Compressor has high head pressure immediately after startup
I hope I am posting this in the correct category. I operate a chiller at an outdoor ice skating rink. The system is seven years old and has operated fairly well in that time.
Over the past few weeks it would have an occasional shutdown due to high head pressure. I called my local technician to help with this problem, and we came to a solution that seemed to work well. However, over the last weekend one of my compressors shut down due to high head pressure, and now will not run for more than a few seconds (5-10) before shutting down again.
At first I suspected a faulty pressure sensor, but we checked the pressure with gauges, and the gas side of the compressor spikes wildly and never settles. We checked all the valves in the system and everything appears to be functioning normally. The condenser fans are running normally and all system voltages are normal. That being said, it is entirely possible we have overlooked something.
Having exhausted all other ideas we set the superheat controller to hold the expansion valve at 10% for 30 seconds during startup (normally set to 50% for 5 seconds). As expected the pressure drops until the valve opens. Then it rises fairly quickly until emergency shutdown (< 30 seconds). At this point we have run out of ideas.
Bitzer 6F50 compressor
Emerson ECE-X33 superheat control system, EX6 valve
CAREL pCO3 PLC
Assuming no unauthorized service has been done, make sure the condenser is clean.
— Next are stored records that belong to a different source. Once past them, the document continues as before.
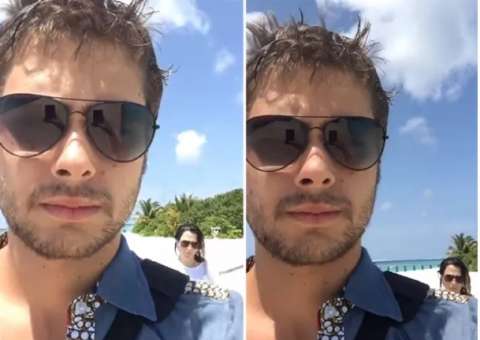 Rafael Vitti e Tatá Werneck fazem viagem romântica para as Maldivas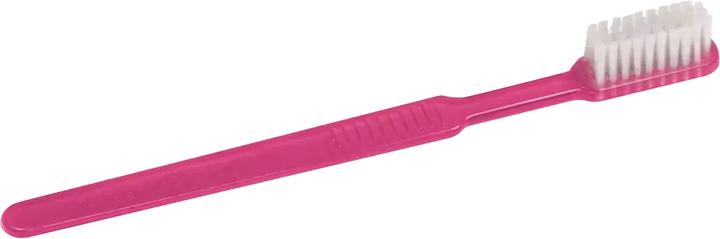 Ampri MED-COMFORT, Einmal-Zahnbürste mit Pasta, pink (1 x)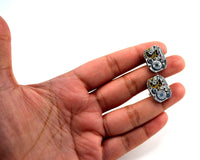 Steampunk Cufflinks, Rectangular Watch Movements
Also, make sure that a free wheeling condenser fan, rotating backwards, hasn't been mistaken as running normally. I've seen that mistake made more than once. Even by people who should know better...
Check expansion valve for proper operation
Thank you for the responses.
The condenser is clean and clear. I thought perhaps ice had formed inside the cabinet due to recent cold weather, but I checked and it is clear.
The fans are operating normally and spinning the right direction. I had a person manually engage the fans while I was near to check for slipping/other issues, and they are both operating well and spinning the right direction. The cabinet itself is sealed and closed (it's a walk-in style condenser cabinet).
As a test I manually engaged both the primary and secondary fans before starting up (the secondary fan is set to engage at 280 pounds pressure (my technician's recommended pressure)) and still had high pressure.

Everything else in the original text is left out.